> [Task instructions]:
Reproduce exactly, from the data that follows, the line with "105pcs Red White", the line with "The khaki camera", and every line that lies between them.

> [Given records]:
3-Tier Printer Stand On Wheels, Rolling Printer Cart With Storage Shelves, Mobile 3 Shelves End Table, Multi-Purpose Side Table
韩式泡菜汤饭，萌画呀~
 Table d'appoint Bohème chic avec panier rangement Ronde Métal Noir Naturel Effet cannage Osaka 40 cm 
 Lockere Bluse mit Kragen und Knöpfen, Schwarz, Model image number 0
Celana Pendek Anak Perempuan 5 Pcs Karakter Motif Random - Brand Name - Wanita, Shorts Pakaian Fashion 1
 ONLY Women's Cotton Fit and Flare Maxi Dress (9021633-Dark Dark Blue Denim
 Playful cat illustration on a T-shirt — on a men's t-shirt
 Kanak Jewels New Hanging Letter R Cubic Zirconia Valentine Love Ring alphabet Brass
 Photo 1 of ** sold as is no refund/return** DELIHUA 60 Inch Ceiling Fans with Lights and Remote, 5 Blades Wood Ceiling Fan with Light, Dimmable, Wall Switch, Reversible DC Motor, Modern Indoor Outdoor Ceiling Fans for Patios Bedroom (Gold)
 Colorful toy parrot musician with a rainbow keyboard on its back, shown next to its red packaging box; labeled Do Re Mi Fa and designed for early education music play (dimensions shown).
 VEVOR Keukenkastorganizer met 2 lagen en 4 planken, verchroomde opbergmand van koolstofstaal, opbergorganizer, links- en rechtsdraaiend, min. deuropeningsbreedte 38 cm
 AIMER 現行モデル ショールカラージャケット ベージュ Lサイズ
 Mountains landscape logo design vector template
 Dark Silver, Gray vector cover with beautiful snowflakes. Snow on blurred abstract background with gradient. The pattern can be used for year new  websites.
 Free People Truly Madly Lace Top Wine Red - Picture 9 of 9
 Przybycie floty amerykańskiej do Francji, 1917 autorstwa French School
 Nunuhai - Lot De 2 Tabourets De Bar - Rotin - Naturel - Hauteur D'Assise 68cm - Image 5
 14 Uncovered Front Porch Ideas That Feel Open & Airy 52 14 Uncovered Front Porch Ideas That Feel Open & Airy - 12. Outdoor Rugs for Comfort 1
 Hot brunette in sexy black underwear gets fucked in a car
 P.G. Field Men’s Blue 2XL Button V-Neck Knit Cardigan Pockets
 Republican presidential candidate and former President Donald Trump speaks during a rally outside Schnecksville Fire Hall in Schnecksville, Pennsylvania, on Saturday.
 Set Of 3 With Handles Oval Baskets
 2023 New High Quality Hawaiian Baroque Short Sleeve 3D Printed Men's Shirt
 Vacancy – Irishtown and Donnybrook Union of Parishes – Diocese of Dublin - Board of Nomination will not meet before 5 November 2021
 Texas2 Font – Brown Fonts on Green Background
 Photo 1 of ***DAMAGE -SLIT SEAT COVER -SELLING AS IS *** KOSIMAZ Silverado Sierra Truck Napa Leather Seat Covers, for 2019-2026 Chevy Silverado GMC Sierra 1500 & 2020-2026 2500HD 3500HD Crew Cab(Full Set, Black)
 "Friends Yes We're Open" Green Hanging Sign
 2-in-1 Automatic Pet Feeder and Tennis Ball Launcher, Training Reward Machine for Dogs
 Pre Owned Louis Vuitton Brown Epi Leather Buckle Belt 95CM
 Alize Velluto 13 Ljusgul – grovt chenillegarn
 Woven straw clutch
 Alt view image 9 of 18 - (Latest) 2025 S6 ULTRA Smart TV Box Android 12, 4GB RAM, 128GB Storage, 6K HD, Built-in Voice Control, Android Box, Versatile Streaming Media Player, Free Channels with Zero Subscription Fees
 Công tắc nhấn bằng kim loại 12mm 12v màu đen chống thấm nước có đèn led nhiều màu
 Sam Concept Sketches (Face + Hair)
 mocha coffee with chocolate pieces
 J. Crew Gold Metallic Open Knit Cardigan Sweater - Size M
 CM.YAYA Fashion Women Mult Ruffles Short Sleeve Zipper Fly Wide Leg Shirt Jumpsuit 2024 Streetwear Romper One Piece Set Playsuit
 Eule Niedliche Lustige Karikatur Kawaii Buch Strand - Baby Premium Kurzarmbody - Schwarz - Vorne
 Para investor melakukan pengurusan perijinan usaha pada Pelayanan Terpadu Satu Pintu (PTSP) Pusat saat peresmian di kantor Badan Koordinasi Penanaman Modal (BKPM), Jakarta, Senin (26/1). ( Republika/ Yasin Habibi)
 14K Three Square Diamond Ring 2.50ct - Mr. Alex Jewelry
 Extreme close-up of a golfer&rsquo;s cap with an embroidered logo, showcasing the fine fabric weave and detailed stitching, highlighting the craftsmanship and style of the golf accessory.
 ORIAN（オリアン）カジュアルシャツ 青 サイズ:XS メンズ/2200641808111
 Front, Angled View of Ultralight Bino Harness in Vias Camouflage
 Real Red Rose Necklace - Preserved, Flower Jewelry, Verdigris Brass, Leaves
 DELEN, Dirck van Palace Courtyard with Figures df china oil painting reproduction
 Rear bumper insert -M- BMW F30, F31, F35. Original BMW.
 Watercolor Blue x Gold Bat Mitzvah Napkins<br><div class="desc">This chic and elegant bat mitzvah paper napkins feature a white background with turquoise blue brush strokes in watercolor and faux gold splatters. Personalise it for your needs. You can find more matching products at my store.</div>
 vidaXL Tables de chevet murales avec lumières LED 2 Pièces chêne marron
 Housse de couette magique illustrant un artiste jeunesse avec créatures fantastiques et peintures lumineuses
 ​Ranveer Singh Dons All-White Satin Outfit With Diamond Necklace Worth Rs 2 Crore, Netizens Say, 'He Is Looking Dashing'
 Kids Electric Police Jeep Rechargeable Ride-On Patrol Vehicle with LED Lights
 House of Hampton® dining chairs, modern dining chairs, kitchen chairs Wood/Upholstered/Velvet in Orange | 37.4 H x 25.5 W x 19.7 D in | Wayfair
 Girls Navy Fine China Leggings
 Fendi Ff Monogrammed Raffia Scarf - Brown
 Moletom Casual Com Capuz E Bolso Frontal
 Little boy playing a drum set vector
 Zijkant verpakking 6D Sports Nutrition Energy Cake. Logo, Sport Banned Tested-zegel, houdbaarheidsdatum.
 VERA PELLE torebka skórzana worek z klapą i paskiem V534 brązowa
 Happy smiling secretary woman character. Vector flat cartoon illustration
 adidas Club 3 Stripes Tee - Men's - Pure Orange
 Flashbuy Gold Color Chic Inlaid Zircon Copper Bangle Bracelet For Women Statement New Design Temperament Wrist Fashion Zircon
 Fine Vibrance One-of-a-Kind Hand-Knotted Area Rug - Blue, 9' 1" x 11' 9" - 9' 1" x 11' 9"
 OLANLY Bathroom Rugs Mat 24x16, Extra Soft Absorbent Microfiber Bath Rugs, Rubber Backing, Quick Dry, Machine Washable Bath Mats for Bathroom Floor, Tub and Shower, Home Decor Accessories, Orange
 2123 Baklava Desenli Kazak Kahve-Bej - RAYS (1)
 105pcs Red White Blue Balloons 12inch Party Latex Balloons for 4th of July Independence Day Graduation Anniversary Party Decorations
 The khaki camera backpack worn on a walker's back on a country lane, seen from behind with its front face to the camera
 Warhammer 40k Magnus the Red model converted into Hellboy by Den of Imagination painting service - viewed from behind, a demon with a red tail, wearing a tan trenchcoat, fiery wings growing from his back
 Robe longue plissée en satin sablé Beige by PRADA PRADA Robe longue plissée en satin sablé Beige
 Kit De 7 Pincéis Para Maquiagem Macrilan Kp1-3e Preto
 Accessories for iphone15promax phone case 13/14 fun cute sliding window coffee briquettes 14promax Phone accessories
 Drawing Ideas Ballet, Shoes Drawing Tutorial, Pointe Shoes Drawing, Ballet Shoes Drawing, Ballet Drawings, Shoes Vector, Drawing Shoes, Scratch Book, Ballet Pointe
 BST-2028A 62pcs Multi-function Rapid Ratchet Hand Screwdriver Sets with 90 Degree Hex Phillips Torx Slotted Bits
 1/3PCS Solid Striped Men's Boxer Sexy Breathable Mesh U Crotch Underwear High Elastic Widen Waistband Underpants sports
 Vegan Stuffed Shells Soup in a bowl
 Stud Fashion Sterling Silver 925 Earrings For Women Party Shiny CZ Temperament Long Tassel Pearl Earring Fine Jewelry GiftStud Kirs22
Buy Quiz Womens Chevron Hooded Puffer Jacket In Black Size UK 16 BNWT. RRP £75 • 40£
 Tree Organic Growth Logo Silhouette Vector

> [Written reply]:
 105pcs Red White Blue Balloons 12inch Party Latex Balloons for 4th of July Independence Day Graduation Anniversary Party Decorations
 The khaki camera backpack worn on a walker's back on a country lane, seen from behind with its front face to the camera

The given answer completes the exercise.